■ Data for the task
------------------------------------------------------------------------
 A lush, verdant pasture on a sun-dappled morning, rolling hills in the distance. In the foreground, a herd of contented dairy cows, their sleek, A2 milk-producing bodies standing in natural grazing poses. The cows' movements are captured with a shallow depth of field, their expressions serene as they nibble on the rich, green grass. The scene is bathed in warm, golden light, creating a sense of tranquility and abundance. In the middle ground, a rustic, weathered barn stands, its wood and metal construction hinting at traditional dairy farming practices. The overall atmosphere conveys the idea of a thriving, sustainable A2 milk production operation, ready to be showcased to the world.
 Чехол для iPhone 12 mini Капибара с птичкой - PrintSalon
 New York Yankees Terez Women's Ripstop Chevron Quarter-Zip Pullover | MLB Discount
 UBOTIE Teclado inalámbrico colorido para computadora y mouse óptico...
------------------------------------------------------------------------
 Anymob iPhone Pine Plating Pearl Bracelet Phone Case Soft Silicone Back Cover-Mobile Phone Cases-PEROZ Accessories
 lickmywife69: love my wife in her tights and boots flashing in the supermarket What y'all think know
------------------------------------------------------------------------
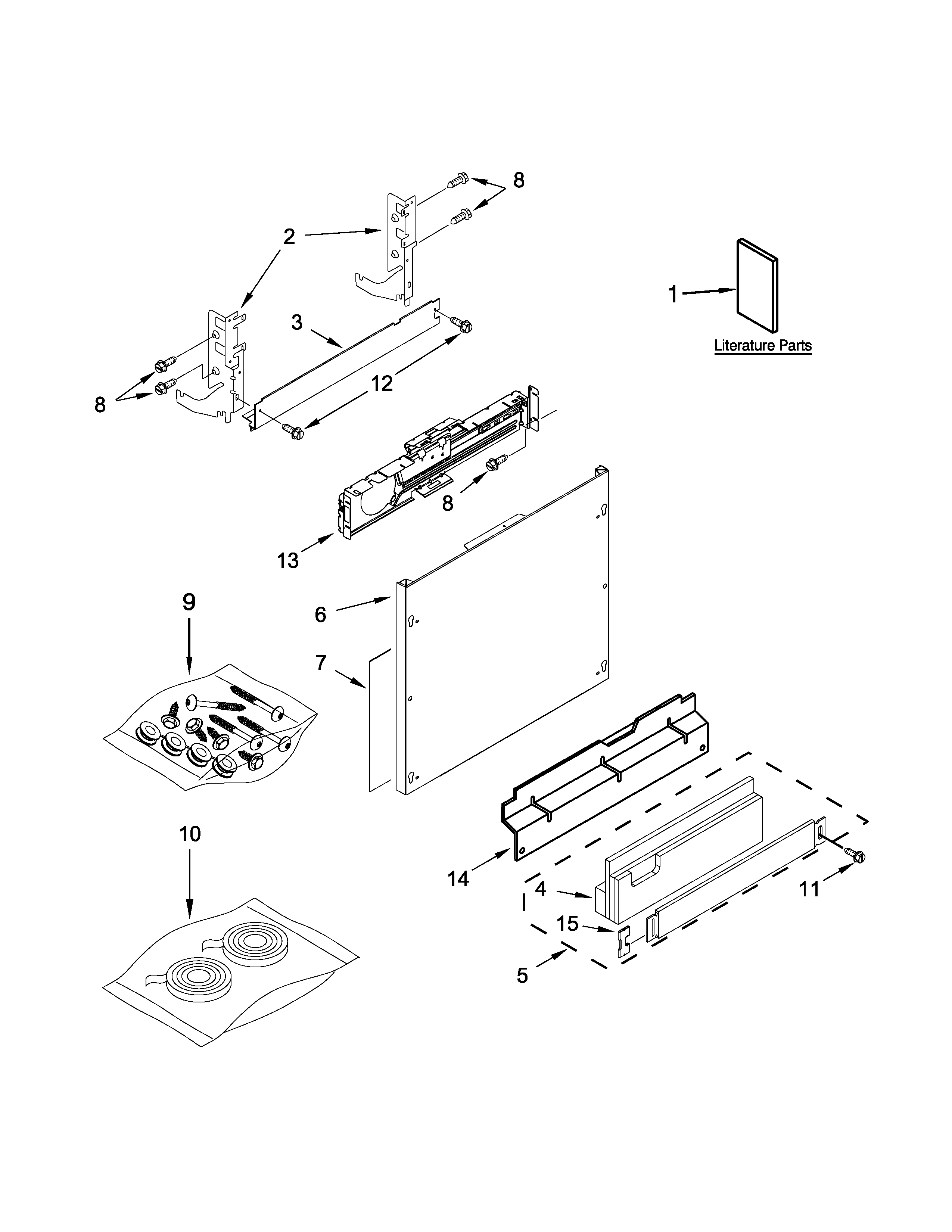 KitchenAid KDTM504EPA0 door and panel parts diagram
------------------------------------------------------------------------
■ Exercise description
When you find a line in the records that contains the word "iPhone", copy it.

■ The completed task
 Чехол для iPhone 12 mini Капибара с птичкой - PrintSalon
 Anymob iPhone Pine Plating Pearl Bracelet Phone Case Soft Silicone Back Cover-Mobile Phone Cases-PEROZ Accessories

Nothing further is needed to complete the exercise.